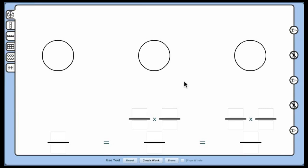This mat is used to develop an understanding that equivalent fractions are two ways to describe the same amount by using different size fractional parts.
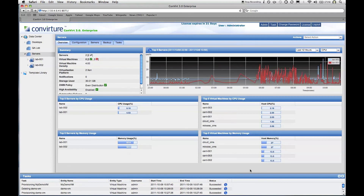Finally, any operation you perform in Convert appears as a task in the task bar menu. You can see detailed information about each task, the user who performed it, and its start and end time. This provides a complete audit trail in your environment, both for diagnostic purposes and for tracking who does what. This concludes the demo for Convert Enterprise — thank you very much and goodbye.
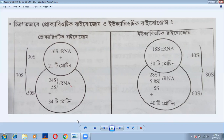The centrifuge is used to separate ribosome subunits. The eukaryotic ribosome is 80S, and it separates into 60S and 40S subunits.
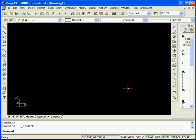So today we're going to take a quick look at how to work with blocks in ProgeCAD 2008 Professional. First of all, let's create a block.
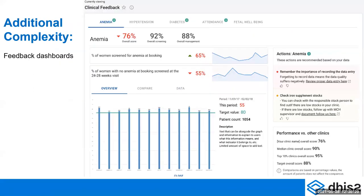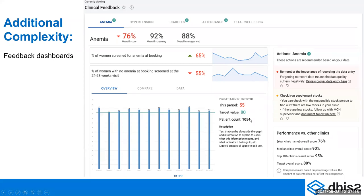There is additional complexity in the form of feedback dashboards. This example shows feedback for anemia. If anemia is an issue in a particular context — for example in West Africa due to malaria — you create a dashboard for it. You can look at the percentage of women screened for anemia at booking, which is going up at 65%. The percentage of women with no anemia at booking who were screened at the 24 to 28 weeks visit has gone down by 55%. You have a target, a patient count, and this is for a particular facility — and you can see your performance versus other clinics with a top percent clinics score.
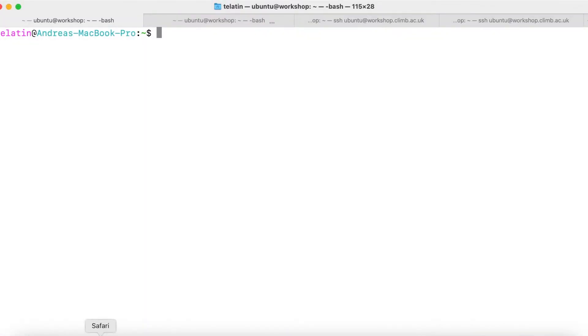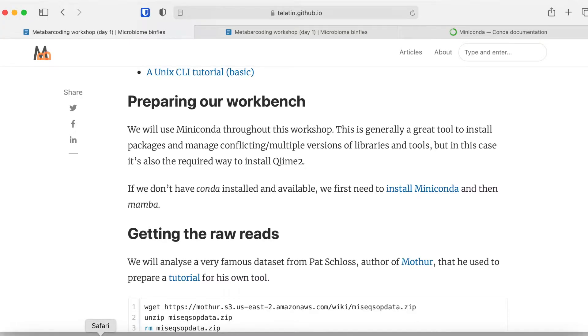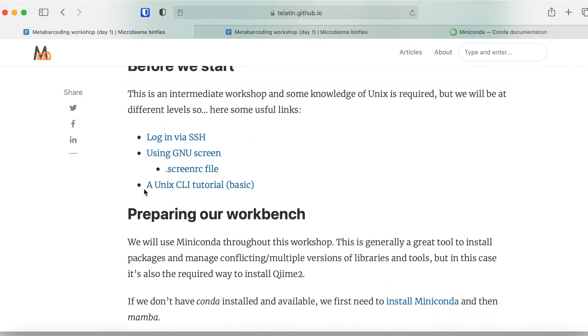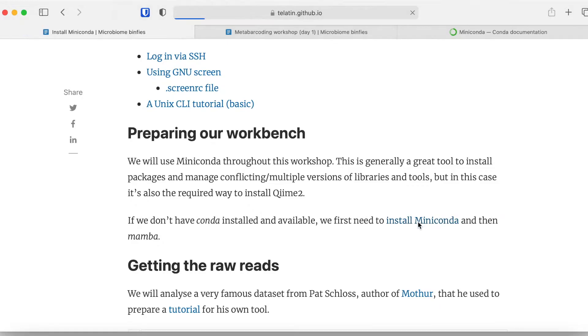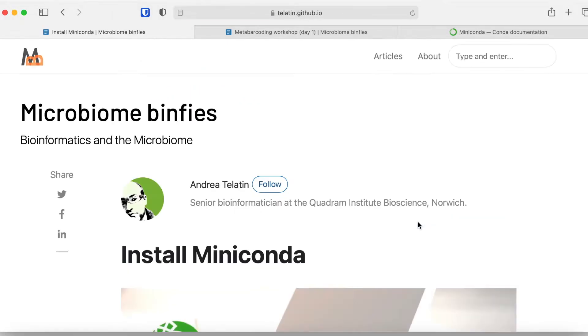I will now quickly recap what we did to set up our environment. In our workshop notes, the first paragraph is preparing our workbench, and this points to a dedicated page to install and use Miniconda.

---

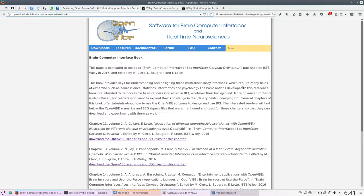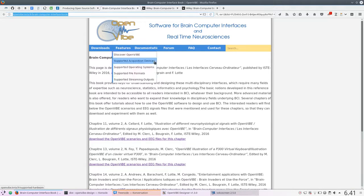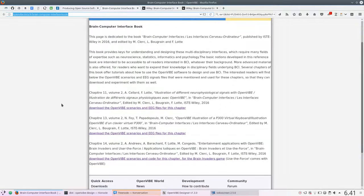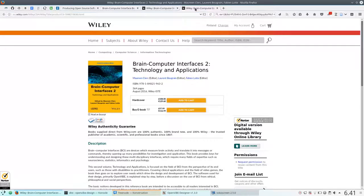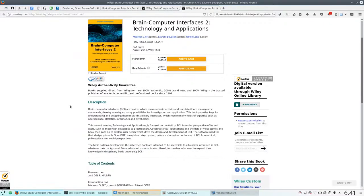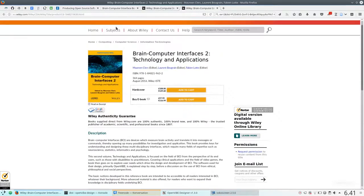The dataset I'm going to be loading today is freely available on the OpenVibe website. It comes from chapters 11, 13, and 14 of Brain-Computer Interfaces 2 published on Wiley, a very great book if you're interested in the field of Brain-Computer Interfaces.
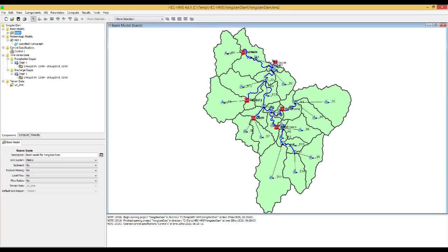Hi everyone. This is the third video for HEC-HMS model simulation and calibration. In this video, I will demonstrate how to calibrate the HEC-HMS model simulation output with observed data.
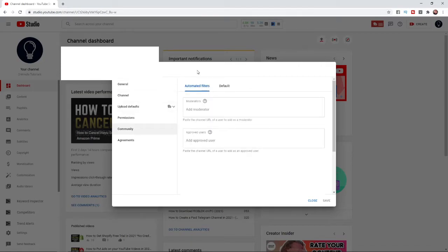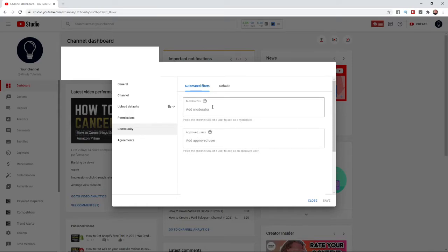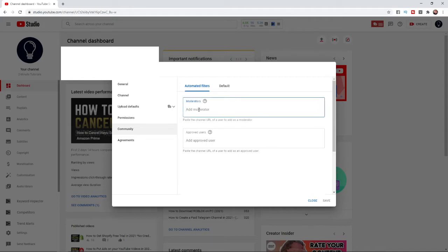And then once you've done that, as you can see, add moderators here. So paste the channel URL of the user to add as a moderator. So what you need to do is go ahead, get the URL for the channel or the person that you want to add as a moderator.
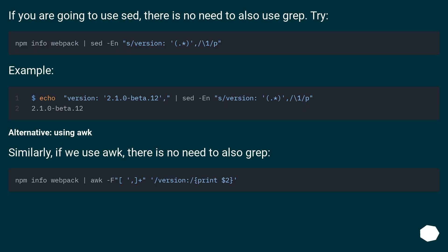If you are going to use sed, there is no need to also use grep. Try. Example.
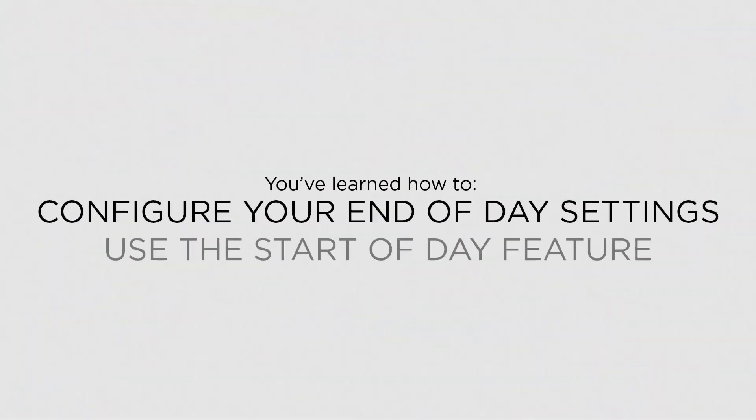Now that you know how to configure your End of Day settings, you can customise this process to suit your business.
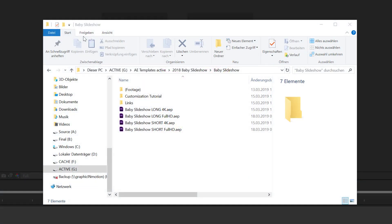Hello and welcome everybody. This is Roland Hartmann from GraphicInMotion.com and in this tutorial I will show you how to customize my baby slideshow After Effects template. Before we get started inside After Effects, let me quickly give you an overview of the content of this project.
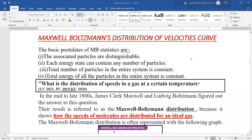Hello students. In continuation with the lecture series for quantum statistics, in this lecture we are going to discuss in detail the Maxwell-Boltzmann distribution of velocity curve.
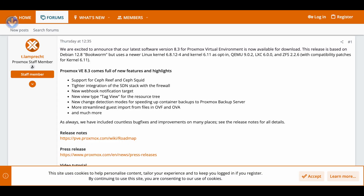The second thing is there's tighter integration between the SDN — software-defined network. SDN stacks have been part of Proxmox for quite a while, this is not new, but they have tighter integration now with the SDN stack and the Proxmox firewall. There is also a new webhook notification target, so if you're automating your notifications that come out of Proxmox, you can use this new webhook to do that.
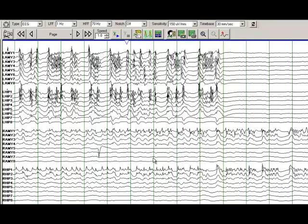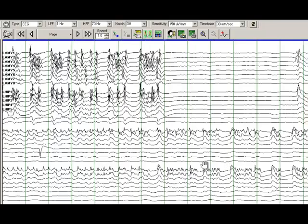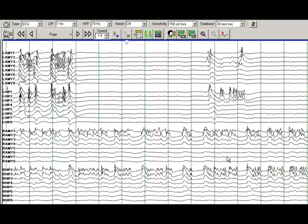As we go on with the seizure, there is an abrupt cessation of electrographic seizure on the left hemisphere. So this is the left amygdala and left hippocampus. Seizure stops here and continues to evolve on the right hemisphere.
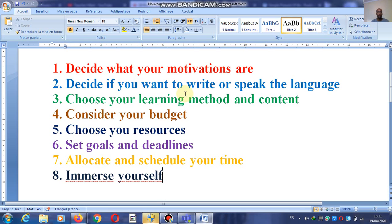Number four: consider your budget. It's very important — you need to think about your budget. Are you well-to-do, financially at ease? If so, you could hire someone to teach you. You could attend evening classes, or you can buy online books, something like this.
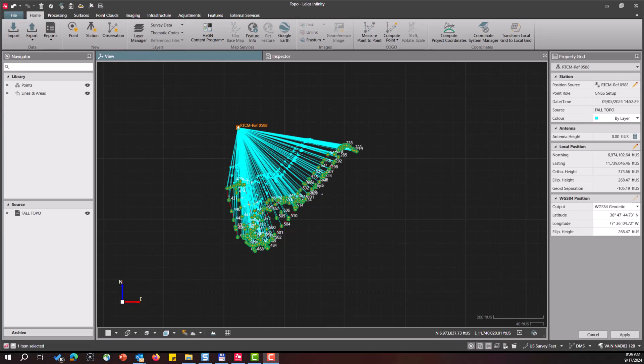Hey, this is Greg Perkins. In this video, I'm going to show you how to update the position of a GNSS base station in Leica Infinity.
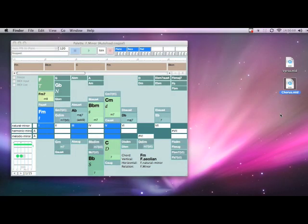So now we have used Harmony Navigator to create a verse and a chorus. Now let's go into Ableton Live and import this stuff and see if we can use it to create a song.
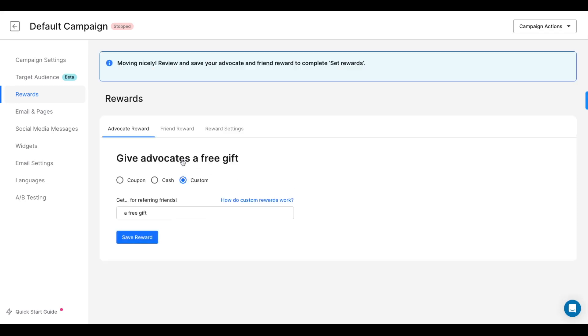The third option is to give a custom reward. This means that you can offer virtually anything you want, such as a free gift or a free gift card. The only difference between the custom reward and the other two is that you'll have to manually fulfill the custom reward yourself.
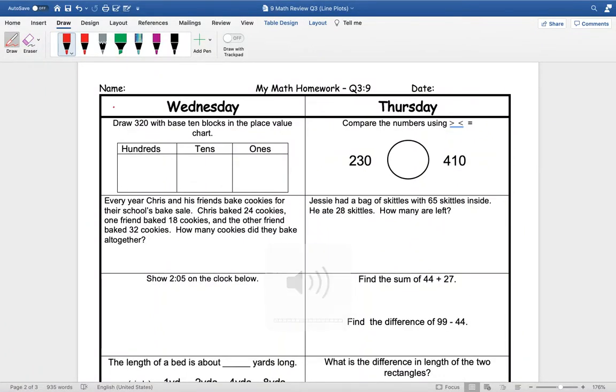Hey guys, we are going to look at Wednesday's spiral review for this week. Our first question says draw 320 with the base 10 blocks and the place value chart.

==

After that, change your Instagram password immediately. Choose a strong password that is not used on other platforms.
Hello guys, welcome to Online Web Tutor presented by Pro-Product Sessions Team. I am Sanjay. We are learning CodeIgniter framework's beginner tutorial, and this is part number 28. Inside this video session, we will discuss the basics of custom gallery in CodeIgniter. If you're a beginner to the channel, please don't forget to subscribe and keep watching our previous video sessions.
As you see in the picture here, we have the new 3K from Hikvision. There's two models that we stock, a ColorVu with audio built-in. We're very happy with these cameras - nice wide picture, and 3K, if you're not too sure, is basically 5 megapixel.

- [WORK INSTRUCTIONS]:
Excluding any pictures, print exactly the lines of the listing above from the line with "And then once" to the line with "Hello and welcome", both ends included.

- [SOLUTION FOR THIS TASK]:
And then once you've done that, as you can see, add moderators here. So paste the channel URL of the user to add as a moderator. So what you need to do is go ahead, get the URL for the channel or the person that you want to add as a moderator.
If you are going to use sed, there is no need to also use grep. Try. Example.
Now that you know how to configure your End of Day settings, you can customise this process to suit your business.
Hello and welcome everybody. This is Roland Hartmann from GraphicInMotion.com and in this tutorial I will show you how to customize my baby slideshow After Effects template. Before we get started inside After Effects, let me quickly give you an overview of the content of this project.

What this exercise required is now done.